> [Description of the task] Word for word, copy the line that contains "Green marble fireplace" and each line after it in the data below. Pictures stay out of the copy.

> [Data provided]
Content starts

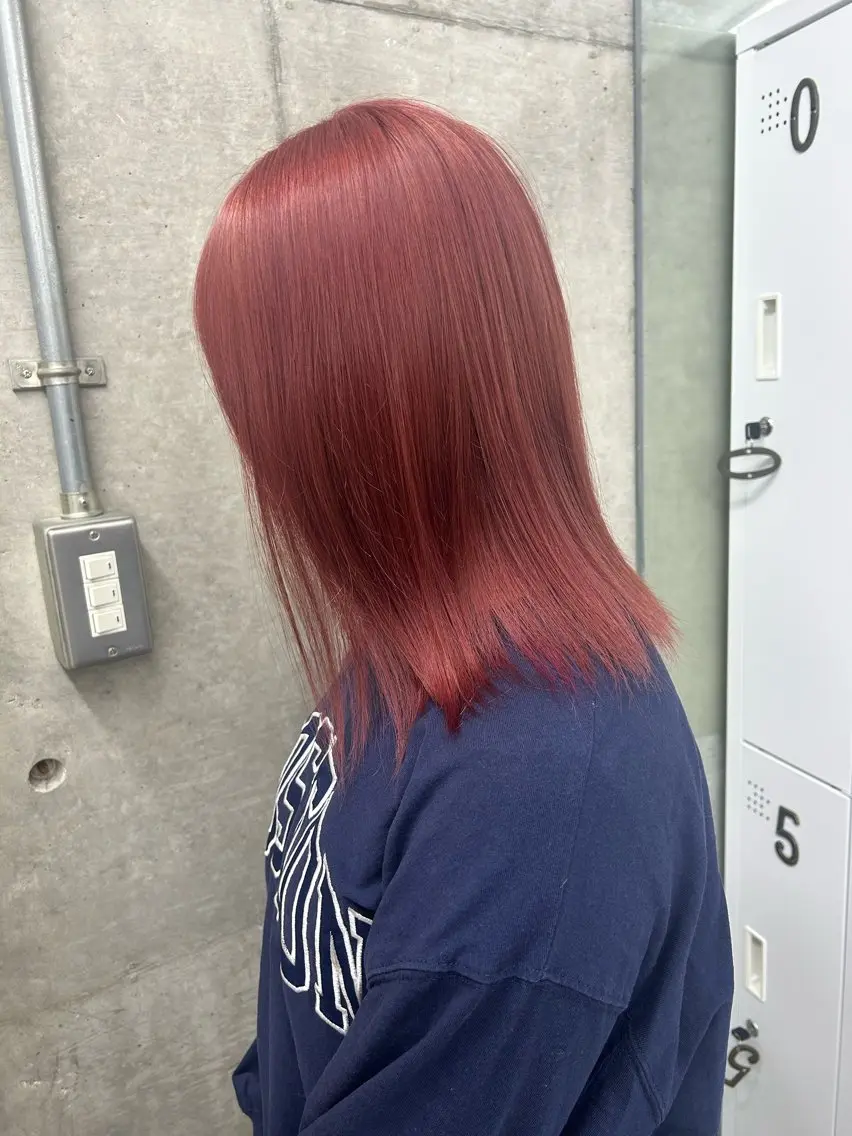 ミディアム カラー ヘアカラー トリートメント メンズ多数⚡ブリーチ 特化💚Acchonのヘアスタイル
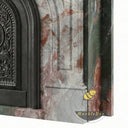 Green marble fireplace surround in Four season green - Image 7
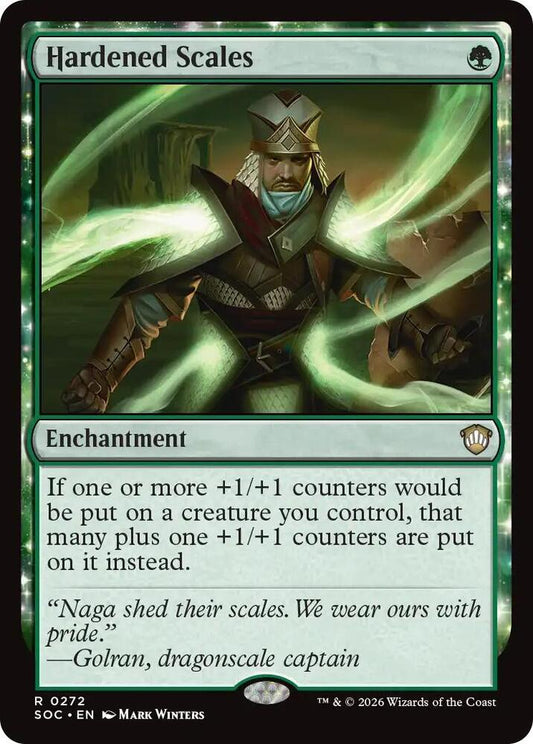 Hardened Scales [Commander: Secrets of Strixhaven] 272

Content ends

> [Your solution]
 Green marble fireplace surround in Four season green - Image 7
 Hardened Scales [Commander: Secrets of Strixhaven] 272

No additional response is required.